The largest US mall owner sued Simon Property gap in June for Owe $ 66 million in rent. Gap followed suit with his own suit to get rent relief. Simon then filed a second lawsuit against the retailer, alleging Gap “opportunistically exploited” the pandemic to avoid paying overdue rents of $ 107 million even as Gap’s stores reopened.
“I think we’ll see more litigation,” said David Marmins, co-head of the retail team at Arnall Golden Gregory law firm, which represents Alamo. “There will be no general agreement. There are tenants who have leverage and are fighting for more leverage. More negotiations still need to be conducted.”
“I think we’re getting to the biggest problems,” added Marmins. “A lot of agreements have been made, but now we are in the particularly difficult situations that are coming to a head.”
Another part of the problem: Analysts say rents still have to fall in some markets because they have gotten too high for many companies to warrant paying.
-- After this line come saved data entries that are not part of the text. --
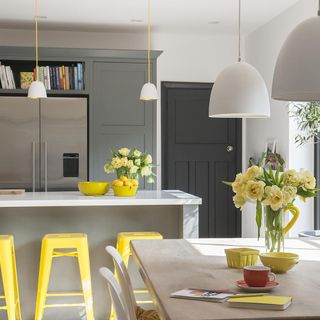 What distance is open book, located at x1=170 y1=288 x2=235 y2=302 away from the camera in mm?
1957

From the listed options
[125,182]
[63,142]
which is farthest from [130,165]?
[63,142]

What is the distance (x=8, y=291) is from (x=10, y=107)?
269 cm

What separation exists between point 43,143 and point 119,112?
0.88 metres

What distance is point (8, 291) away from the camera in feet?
13.7

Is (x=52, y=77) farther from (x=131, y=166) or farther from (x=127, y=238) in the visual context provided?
(x=127, y=238)

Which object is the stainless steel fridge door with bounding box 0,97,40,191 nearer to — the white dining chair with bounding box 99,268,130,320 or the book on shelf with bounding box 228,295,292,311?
the white dining chair with bounding box 99,268,130,320

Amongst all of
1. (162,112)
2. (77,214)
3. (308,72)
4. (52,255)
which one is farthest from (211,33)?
(308,72)

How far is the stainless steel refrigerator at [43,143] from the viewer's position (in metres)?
6.43

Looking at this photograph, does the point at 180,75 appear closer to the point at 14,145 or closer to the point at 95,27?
the point at 95,27

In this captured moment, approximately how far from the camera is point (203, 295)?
1989 mm

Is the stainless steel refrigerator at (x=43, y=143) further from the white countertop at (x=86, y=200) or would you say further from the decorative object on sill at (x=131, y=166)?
the white countertop at (x=86, y=200)

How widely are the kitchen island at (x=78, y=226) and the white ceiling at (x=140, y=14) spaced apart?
2095 mm

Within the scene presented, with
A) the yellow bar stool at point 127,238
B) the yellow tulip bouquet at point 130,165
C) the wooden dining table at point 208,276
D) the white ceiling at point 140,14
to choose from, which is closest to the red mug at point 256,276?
the wooden dining table at point 208,276

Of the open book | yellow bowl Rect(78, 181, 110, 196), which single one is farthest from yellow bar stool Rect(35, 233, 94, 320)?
the open book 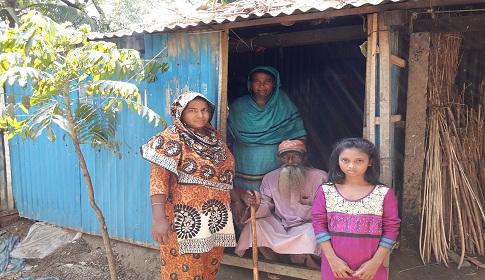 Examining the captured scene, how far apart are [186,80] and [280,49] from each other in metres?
2.38

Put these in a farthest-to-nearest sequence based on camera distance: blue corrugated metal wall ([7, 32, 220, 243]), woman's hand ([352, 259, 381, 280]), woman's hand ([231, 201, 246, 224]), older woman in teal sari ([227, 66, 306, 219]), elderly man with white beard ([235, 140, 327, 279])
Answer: older woman in teal sari ([227, 66, 306, 219]) < blue corrugated metal wall ([7, 32, 220, 243]) < woman's hand ([231, 201, 246, 224]) < elderly man with white beard ([235, 140, 327, 279]) < woman's hand ([352, 259, 381, 280])

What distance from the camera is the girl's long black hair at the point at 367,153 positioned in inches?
93.5

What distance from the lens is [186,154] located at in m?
2.73

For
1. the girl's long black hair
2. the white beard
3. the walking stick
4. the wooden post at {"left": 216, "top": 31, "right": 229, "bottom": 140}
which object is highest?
the wooden post at {"left": 216, "top": 31, "right": 229, "bottom": 140}

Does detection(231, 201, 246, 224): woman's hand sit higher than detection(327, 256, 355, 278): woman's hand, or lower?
higher

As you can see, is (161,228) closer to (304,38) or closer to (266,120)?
(266,120)

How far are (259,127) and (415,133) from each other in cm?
153

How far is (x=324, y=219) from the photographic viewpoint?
246 centimetres

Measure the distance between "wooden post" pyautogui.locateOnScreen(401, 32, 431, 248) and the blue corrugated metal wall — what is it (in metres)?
1.89

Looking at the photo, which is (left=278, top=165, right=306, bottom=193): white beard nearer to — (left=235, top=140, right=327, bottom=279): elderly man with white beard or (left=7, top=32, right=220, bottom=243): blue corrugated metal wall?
(left=235, top=140, right=327, bottom=279): elderly man with white beard

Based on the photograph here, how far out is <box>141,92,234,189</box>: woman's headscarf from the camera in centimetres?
266

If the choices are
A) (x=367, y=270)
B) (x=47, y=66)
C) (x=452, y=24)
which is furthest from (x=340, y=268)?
(x=452, y=24)

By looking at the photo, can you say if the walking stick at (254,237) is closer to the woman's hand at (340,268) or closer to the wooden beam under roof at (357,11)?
the woman's hand at (340,268)

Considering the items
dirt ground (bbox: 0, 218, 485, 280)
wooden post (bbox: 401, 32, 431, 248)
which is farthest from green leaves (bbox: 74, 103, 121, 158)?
wooden post (bbox: 401, 32, 431, 248) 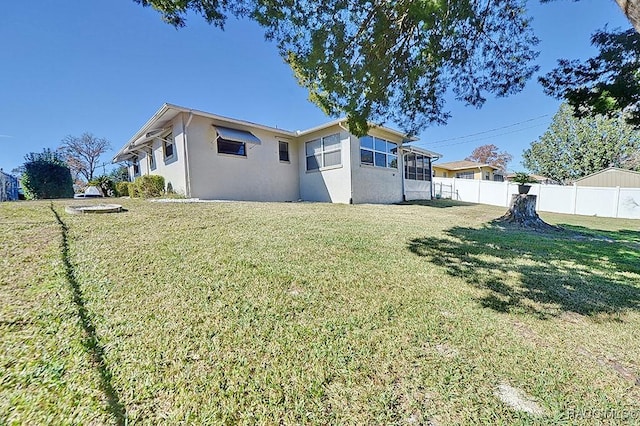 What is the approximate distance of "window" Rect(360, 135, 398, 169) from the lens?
12938mm

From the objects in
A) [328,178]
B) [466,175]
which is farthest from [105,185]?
[466,175]

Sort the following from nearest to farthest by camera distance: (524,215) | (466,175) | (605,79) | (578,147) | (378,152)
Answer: (605,79), (524,215), (378,152), (578,147), (466,175)

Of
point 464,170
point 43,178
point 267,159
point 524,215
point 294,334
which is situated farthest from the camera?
point 464,170

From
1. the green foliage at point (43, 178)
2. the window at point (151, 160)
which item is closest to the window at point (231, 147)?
the window at point (151, 160)

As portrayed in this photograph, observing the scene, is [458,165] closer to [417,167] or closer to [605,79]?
[417,167]

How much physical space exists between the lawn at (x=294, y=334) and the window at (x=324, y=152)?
8605 millimetres

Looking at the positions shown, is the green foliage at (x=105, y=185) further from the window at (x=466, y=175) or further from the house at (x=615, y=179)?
the house at (x=615, y=179)

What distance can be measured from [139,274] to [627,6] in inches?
267

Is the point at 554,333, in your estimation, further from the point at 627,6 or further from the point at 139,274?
the point at 139,274

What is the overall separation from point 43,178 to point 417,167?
2209 centimetres

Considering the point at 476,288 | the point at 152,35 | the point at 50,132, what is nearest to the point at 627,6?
the point at 476,288

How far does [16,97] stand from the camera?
1605 centimetres

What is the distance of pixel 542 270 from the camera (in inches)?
173

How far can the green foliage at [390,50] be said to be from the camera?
15.8ft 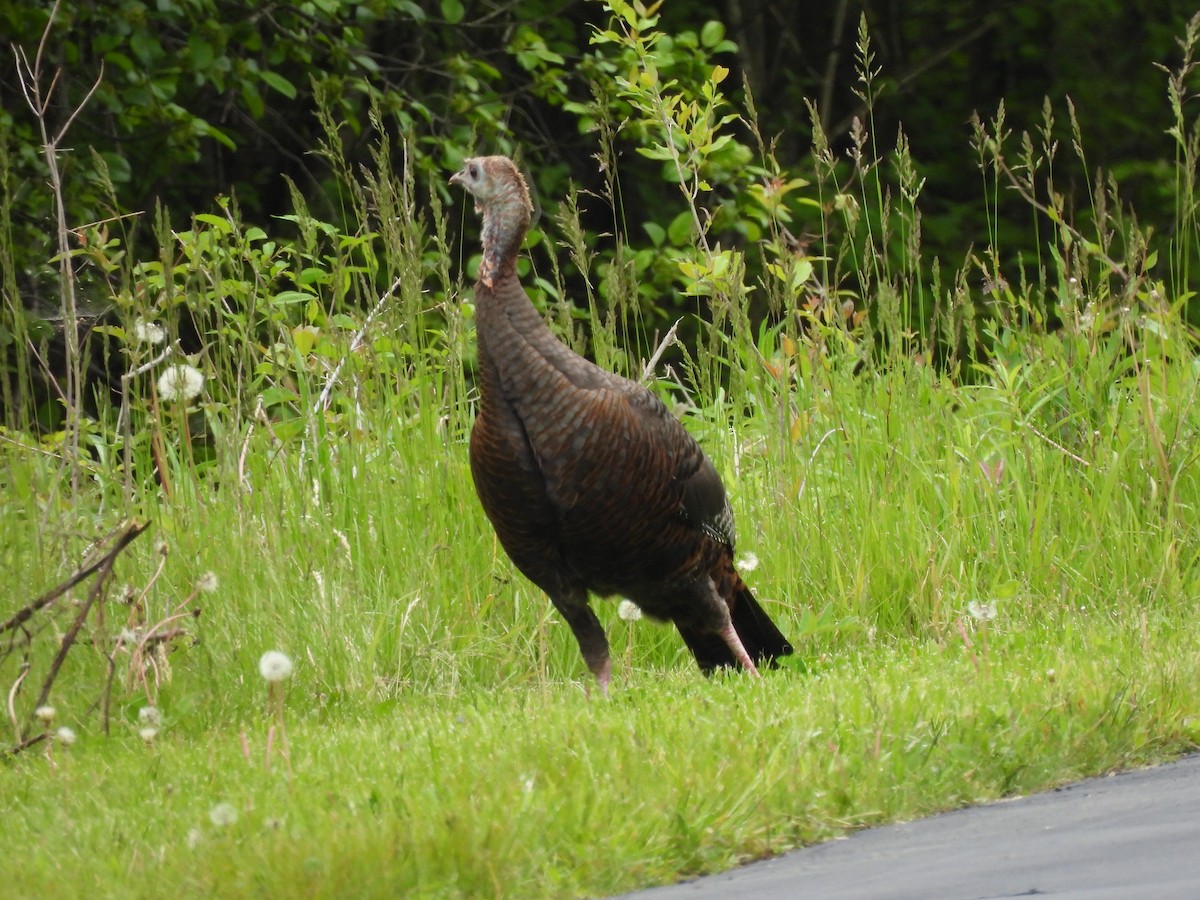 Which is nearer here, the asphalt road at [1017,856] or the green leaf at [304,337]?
the asphalt road at [1017,856]

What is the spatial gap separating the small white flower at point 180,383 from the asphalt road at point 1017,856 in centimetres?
301

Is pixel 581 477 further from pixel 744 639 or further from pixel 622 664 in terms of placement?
pixel 622 664

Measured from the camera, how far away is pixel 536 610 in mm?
5715

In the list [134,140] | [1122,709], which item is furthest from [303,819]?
[134,140]

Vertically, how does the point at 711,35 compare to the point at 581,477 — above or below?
above

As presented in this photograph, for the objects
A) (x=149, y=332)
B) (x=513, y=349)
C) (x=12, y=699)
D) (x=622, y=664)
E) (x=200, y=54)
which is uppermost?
(x=200, y=54)

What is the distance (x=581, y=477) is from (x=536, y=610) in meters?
1.16

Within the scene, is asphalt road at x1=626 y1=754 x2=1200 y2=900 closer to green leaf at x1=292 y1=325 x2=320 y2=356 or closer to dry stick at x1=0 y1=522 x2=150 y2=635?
dry stick at x1=0 y1=522 x2=150 y2=635

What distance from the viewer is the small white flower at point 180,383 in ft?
18.3

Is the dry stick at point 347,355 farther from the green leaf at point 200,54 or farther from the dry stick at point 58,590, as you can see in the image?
the green leaf at point 200,54

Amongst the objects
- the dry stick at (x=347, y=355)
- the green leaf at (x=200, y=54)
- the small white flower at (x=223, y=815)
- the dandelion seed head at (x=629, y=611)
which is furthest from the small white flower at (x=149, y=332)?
the green leaf at (x=200, y=54)

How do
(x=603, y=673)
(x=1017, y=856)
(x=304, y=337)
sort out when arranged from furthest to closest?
(x=304, y=337), (x=603, y=673), (x=1017, y=856)

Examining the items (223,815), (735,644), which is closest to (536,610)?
(735,644)

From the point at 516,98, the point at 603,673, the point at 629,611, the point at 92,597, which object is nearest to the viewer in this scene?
the point at 92,597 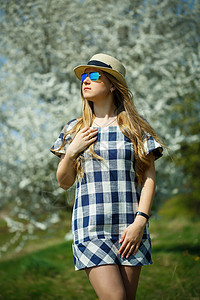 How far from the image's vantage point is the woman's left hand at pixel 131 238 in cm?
Answer: 191

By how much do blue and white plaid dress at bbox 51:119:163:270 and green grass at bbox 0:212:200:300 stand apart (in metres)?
1.45

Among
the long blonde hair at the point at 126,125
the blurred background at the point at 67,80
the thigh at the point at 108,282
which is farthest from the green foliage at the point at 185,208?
the thigh at the point at 108,282

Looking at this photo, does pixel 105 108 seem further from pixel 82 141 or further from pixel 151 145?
pixel 151 145

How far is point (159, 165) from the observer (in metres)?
5.20

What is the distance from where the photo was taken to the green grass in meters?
3.64

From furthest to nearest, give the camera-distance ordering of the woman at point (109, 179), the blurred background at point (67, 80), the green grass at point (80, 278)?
the blurred background at point (67, 80)
the green grass at point (80, 278)
the woman at point (109, 179)

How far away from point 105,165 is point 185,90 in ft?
13.5

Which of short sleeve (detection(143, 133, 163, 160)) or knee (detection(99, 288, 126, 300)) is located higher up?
short sleeve (detection(143, 133, 163, 160))

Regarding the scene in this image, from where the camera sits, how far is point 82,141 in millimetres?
2102

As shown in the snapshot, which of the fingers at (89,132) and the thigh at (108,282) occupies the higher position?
the fingers at (89,132)

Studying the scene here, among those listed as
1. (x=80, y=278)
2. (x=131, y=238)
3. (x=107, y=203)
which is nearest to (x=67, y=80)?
(x=80, y=278)

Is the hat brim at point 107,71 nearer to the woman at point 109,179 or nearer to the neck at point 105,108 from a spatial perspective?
the woman at point 109,179

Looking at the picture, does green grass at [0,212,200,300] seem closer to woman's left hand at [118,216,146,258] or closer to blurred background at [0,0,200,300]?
blurred background at [0,0,200,300]

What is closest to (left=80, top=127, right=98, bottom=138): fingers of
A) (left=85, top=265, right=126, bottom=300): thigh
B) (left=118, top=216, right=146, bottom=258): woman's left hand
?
(left=118, top=216, right=146, bottom=258): woman's left hand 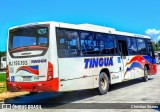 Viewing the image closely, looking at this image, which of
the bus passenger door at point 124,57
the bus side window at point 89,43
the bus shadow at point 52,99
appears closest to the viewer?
the bus shadow at point 52,99

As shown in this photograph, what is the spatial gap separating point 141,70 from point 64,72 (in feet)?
29.3

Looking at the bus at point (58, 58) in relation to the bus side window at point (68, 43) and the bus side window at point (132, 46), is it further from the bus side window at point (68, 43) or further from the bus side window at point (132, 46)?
the bus side window at point (132, 46)

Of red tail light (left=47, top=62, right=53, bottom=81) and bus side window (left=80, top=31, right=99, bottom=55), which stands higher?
bus side window (left=80, top=31, right=99, bottom=55)

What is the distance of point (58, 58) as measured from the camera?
11.6m

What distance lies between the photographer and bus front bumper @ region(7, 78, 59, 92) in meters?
11.3

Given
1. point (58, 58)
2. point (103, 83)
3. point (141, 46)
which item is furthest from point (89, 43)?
point (141, 46)

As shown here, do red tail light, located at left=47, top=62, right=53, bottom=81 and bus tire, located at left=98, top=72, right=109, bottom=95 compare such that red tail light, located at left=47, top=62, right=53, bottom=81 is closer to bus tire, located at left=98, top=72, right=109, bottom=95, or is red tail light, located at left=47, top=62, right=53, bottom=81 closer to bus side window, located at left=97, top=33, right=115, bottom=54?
bus tire, located at left=98, top=72, right=109, bottom=95

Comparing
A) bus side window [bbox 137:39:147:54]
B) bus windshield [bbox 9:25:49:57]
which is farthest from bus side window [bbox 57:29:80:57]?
bus side window [bbox 137:39:147:54]

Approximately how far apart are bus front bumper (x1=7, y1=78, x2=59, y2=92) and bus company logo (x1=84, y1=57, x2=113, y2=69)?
7.69ft

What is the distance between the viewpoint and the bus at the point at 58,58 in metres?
11.5

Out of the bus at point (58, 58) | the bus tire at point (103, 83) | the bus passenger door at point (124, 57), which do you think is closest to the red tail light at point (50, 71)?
the bus at point (58, 58)

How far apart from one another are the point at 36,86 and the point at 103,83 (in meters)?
4.19

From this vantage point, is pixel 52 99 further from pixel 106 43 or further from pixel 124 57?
pixel 124 57

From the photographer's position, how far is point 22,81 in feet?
40.0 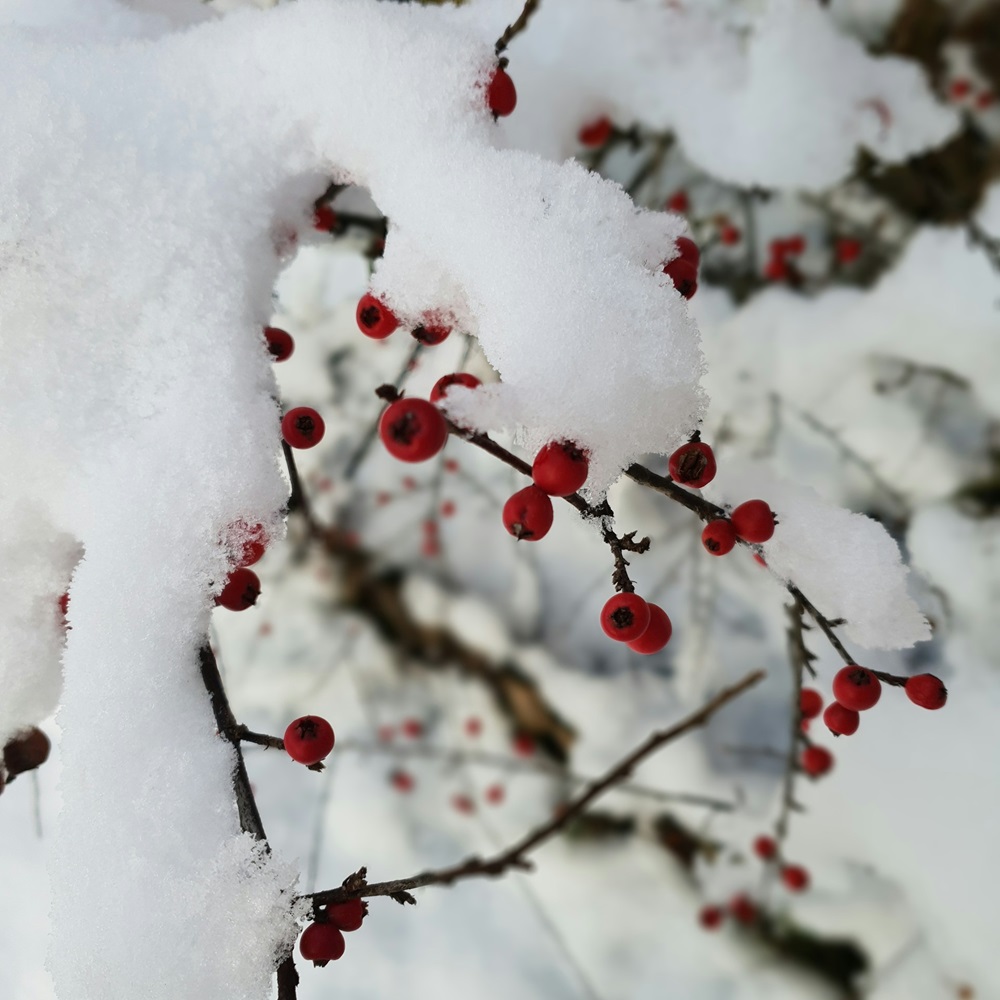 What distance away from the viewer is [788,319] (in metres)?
2.37

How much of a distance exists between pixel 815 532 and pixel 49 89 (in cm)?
108

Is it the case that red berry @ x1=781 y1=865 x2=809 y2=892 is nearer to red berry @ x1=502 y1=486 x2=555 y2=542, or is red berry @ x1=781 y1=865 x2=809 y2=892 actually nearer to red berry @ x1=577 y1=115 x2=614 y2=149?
red berry @ x1=502 y1=486 x2=555 y2=542

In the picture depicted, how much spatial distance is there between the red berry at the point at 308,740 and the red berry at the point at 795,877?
1901 mm

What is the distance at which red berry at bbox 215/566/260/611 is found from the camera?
2.90 ft

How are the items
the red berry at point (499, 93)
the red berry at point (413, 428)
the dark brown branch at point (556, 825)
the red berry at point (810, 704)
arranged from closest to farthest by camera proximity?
Answer: the dark brown branch at point (556, 825) < the red berry at point (413, 428) < the red berry at point (499, 93) < the red berry at point (810, 704)

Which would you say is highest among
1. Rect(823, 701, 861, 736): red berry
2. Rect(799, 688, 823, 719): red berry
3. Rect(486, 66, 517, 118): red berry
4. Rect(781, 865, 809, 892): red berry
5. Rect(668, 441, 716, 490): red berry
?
Rect(486, 66, 517, 118): red berry

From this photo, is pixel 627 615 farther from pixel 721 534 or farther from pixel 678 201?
pixel 678 201

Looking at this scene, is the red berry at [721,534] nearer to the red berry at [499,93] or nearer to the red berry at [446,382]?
the red berry at [446,382]

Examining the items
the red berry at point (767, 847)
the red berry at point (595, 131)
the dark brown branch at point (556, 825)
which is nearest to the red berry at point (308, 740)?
the dark brown branch at point (556, 825)

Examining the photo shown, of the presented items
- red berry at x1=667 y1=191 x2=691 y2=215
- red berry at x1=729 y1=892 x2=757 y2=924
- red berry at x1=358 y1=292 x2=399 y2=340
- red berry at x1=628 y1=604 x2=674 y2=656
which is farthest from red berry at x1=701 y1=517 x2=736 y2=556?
red berry at x1=729 y1=892 x2=757 y2=924

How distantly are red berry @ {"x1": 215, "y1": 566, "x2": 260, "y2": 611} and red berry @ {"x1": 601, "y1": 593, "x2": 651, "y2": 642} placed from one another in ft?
1.44

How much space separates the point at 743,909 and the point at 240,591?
2.18 m

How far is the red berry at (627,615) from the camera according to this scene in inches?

The supply of retail space and the demand for retail space are no longer synchronized and more sales are being made online.
A decline has already begun around New York. During the second quarter, which ended June 30, average asking rents in 16 major Manhattan retail corridors fell for the 11th straight quarter, falling to $ 688 per square foot, according to a report from commercial real estate services company CBRE. The decline was the first time prices fell below $ 700 since 2011This corresponds to a decrease of 11.3% compared to the previous year.
The number of first floor leases tracked by CBRE in Manhattan’s 16 retail corridors hit a record 235, beating a previous high of 230 in 2013.